Radar Pos.Com.Semarang
— Dinas Kesehatan (Dinkes) Provinsi Jawa Tengah memperbarui data persebaran kasus Corona (Covid-19). Informasi yang diperoleh  dari laman corona.jatengprov.go.id, Selasa (27/10) pukul 12.00 WIB, tercatat 33.777 kasus positif Covid-19, di mana 2.510 di antaranya meninggal dunia dan 27.680 sembuh. Sementara 3.587 pasien masih dirawat di sejumlah rumah sakit yang ditunjuk Pemprov Jateng.

Gubernur Jawa Tengah Ganjar Pranowo memperingatkan penyedia jasa mulai dari penginapan hingga wisata untuk menyiapkan sarana prasana 3M (memakai masker. mencuci tangan dan menjaga jarak) dengan baik. Gubernur mendapat saran dari pakar terkait kurang maksimalnya tempat cuci tangan di tempat wisata maupun hotel.

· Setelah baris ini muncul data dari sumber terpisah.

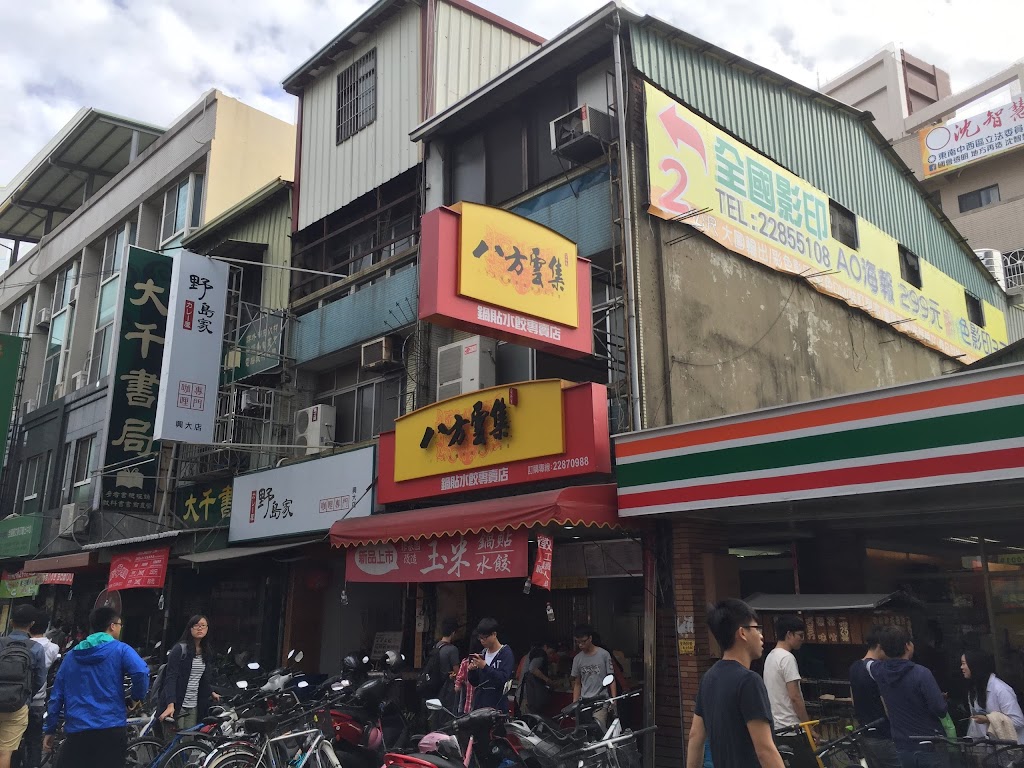 八方雲集 台中南門店 的照片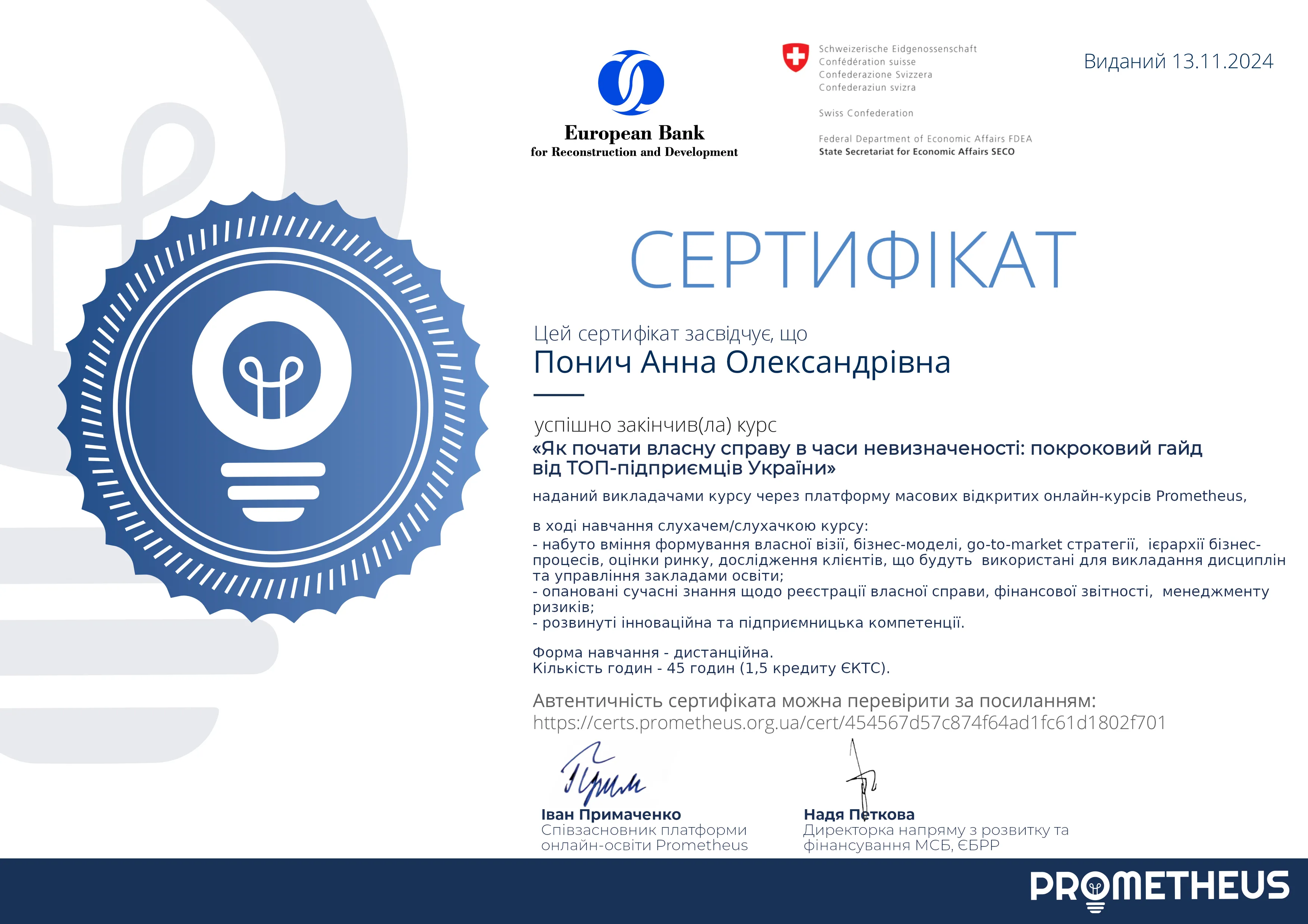 Здобуток студентів 57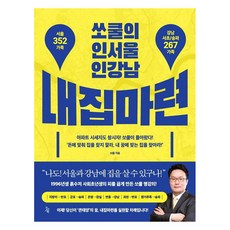 [진서원]쏘쿨의 인서울 인강남 내집마련, 진서원, 쏘쿨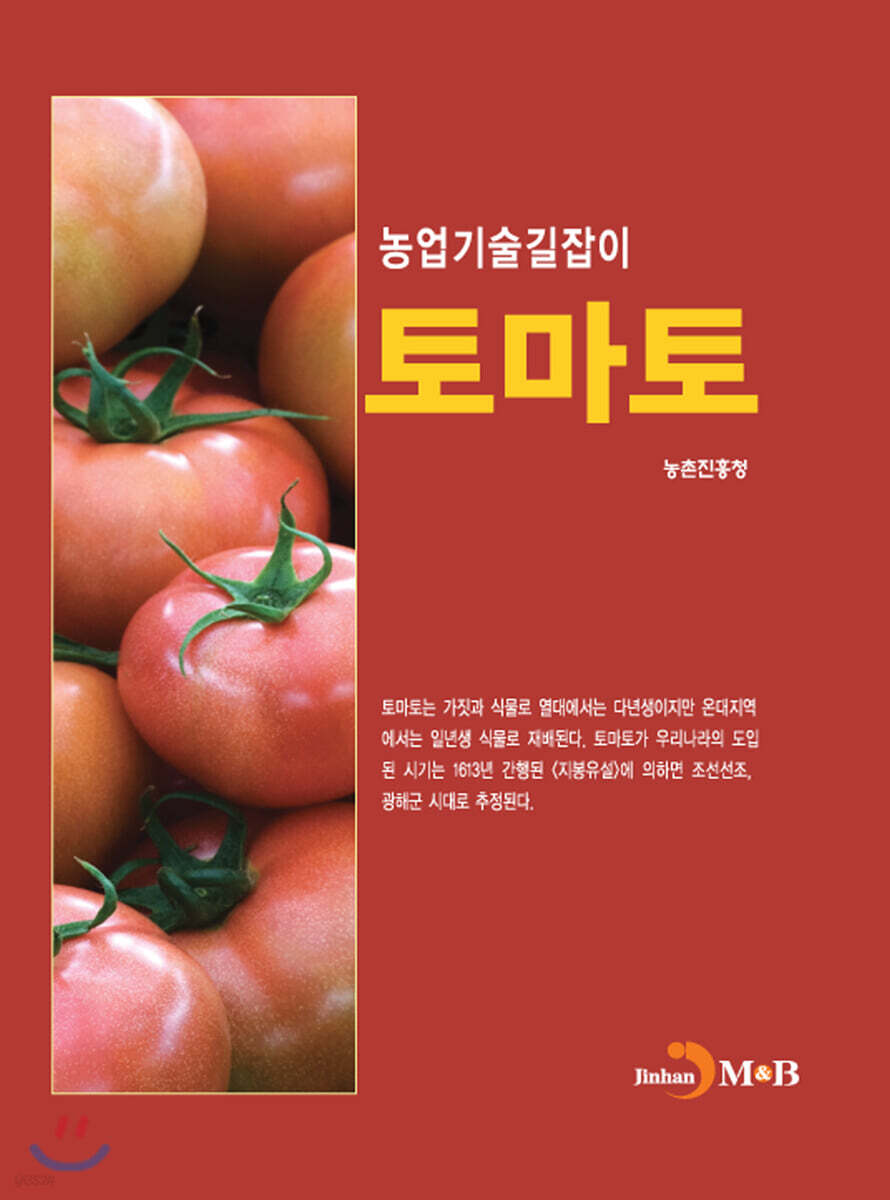 토마토 : 농업기술길잡이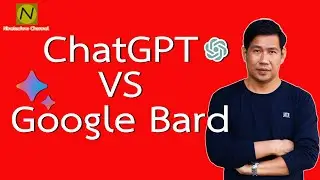 chatgpt vs google bard ใช้งานเหมือน หรือแตกต่างกันอย่างไร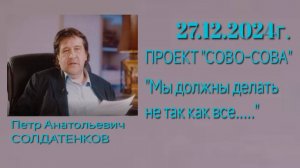 27.12.2024г. Проект "СОВО-СОВА" - ИТОГИ и ПЕРСПЕКТИВА РАЗВИТИЯ.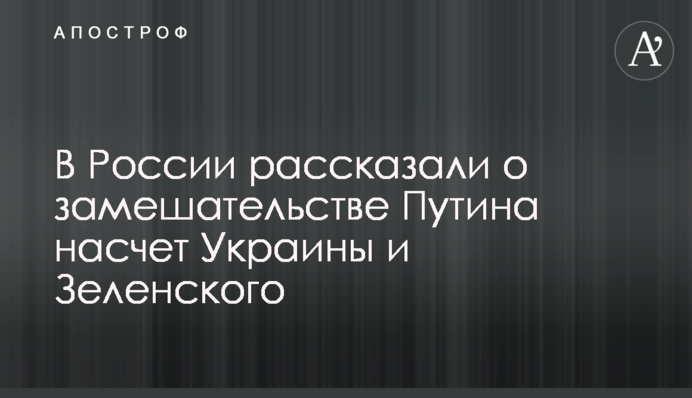 У Росії розповіли про збентеження Путіна щодо України і Зеленського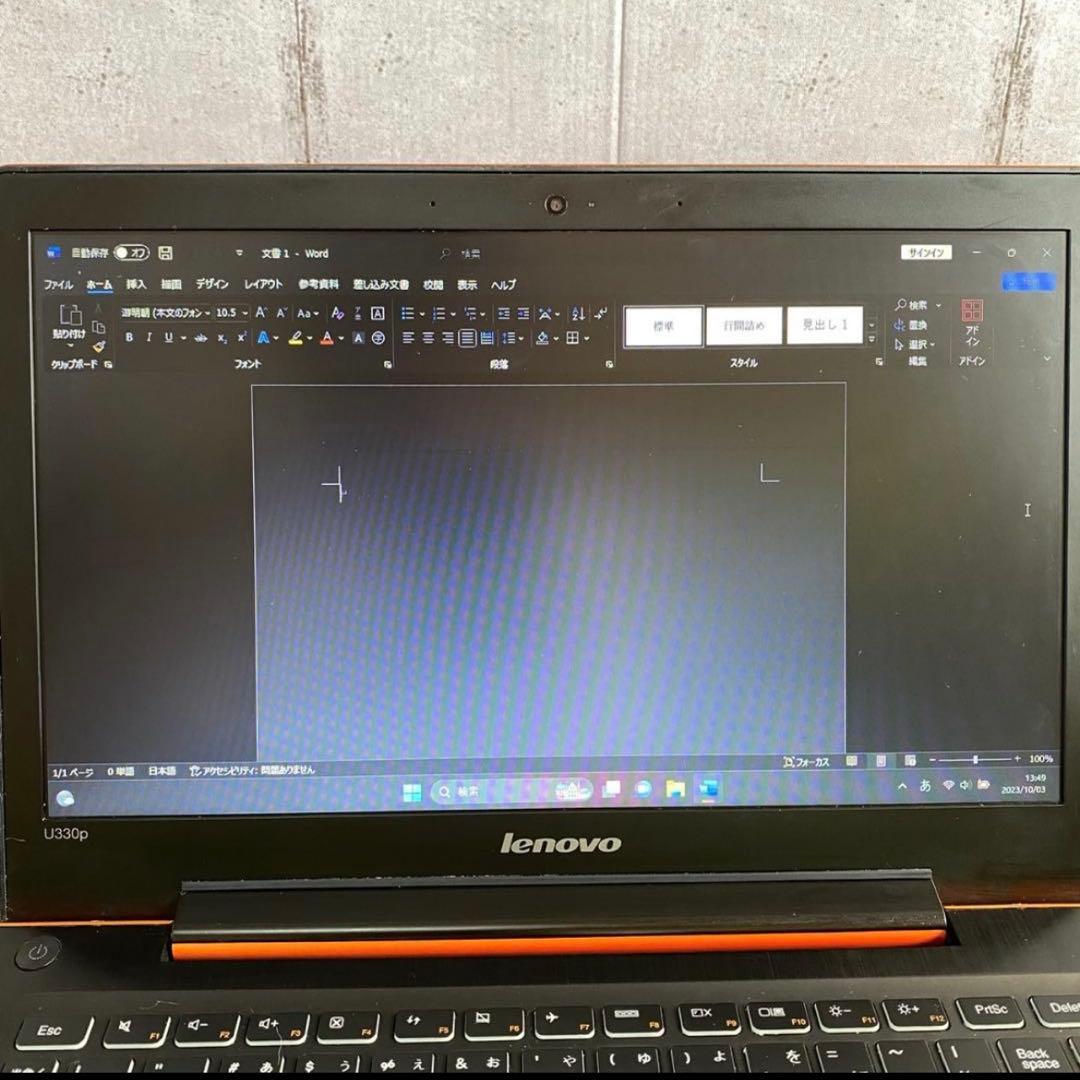 Lenovo ideapad 330p 13.3インチノートPC オレンジ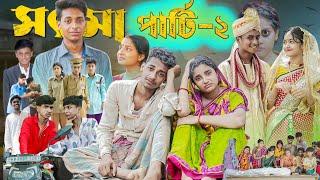 সৎ মা পার্ট ২ । Sot Maa part 2 । New Bangla Natok । Toni & Salma । Palli Gram TV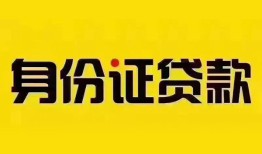 深圳12民间借贷网-深圳12民间私人借贷-深圳1224小时上门放款
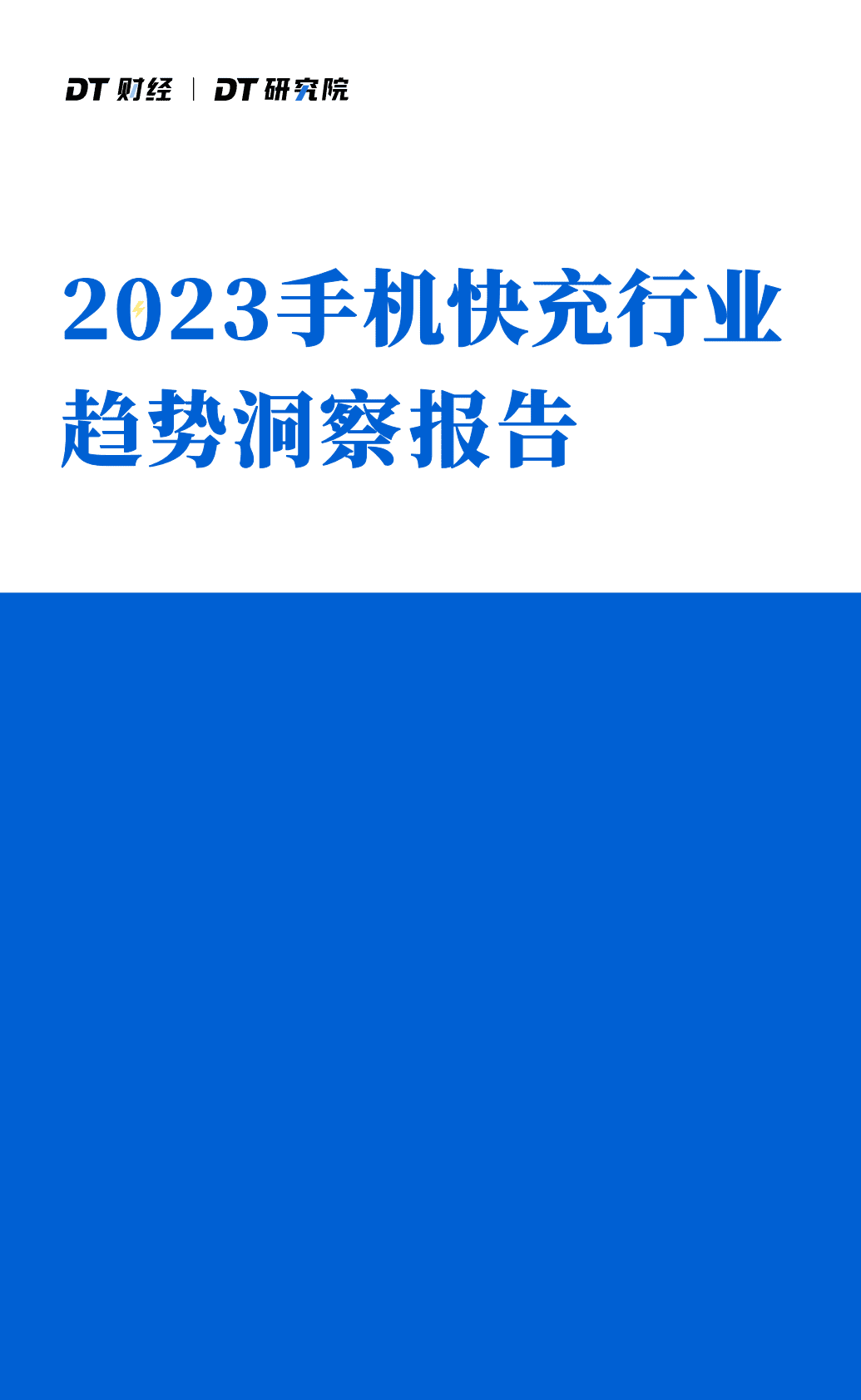 DT财经：2023手机快充行业趋势洞察报告 第1页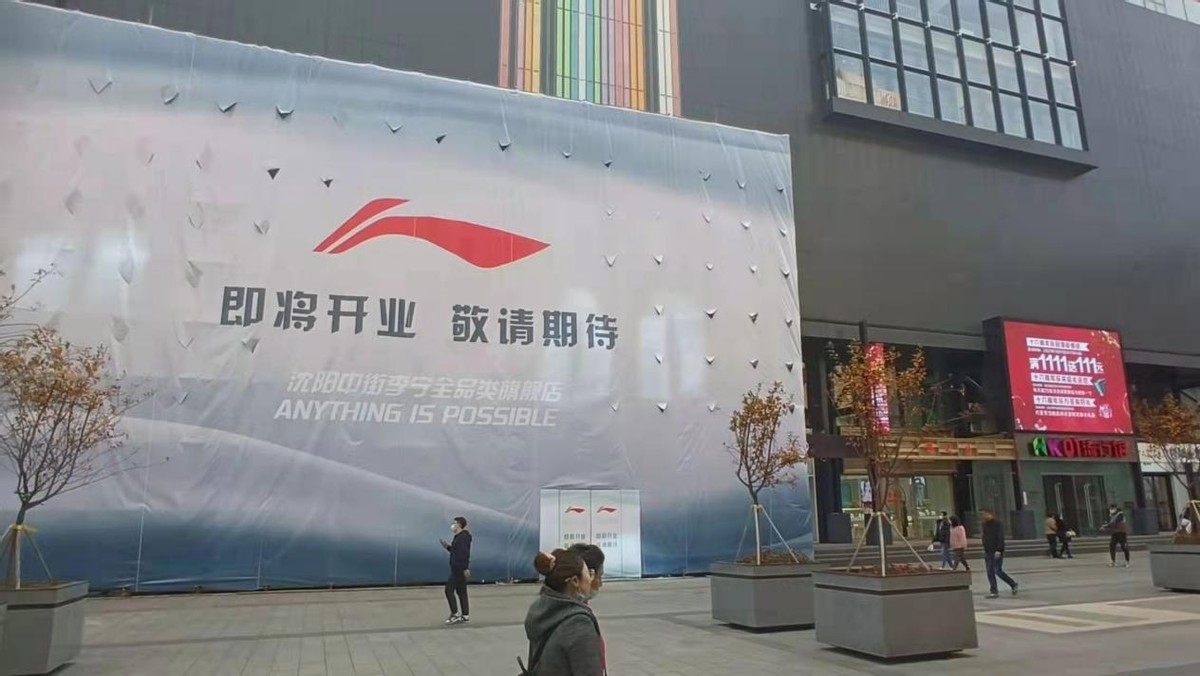 李宁沈阳专卖店,李宁沈阳大悦城篮球主场店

“Ini jadi catatan, tolong diingatkan kembali melalui PHRI. Kepatuhan sudah bagus, tetapi hal-hal yang kecil seperti ini jamgan sampai terlewatkan,” ucap Gubernur Ganjar Pranowo, saat memimpin rapat penanganan Covid-19, Senin (26/10).

Dilansir laman humas.jatengprov.go.id, Ganjar meminta Dinas Pemuda, Olahraga dan Pariwisata (Disporapar) Jateng menerjunkan tim yang secara rutin memantau serta berpatroli ke tempat-tempat wisata, restoran, warung maupun hotel.


“Bawa isolasi, artinya kita contohkan. Kalau mereka belum tertib, begini lho yang benar. Warung kalau perlu itu satu meja untuk dua orang saja, hotel juga pastikan itu kapasitasnya sesuai,” ujarnya.

Ganjar menjelaskan cuci tangan dan jaga jarak merupakan protokol kesehatan yang sulit ditaati. Apalagi, pada musim libur panjang ini pihaknya ingin memastikan keamanan dan kenyamanan para pengunjung.

“Saya minta penyedia jasa, hotel tolong pastikan tamu yang masuk itu sehat. Anda sediakan sarpras 3M, kami akan melakukan checking nanti sehingga kita harapkan semua yang masuk di hotel itu baik,” tegas Ganjar.

Selain itu, Ia juga memberi perhatian khusus pada warung dan restoran. Sebab, dari laporan yang diterimanya masih banyak warung dan restoran yang tak mengindahkan protokol kesehatan yakni jaga jarak.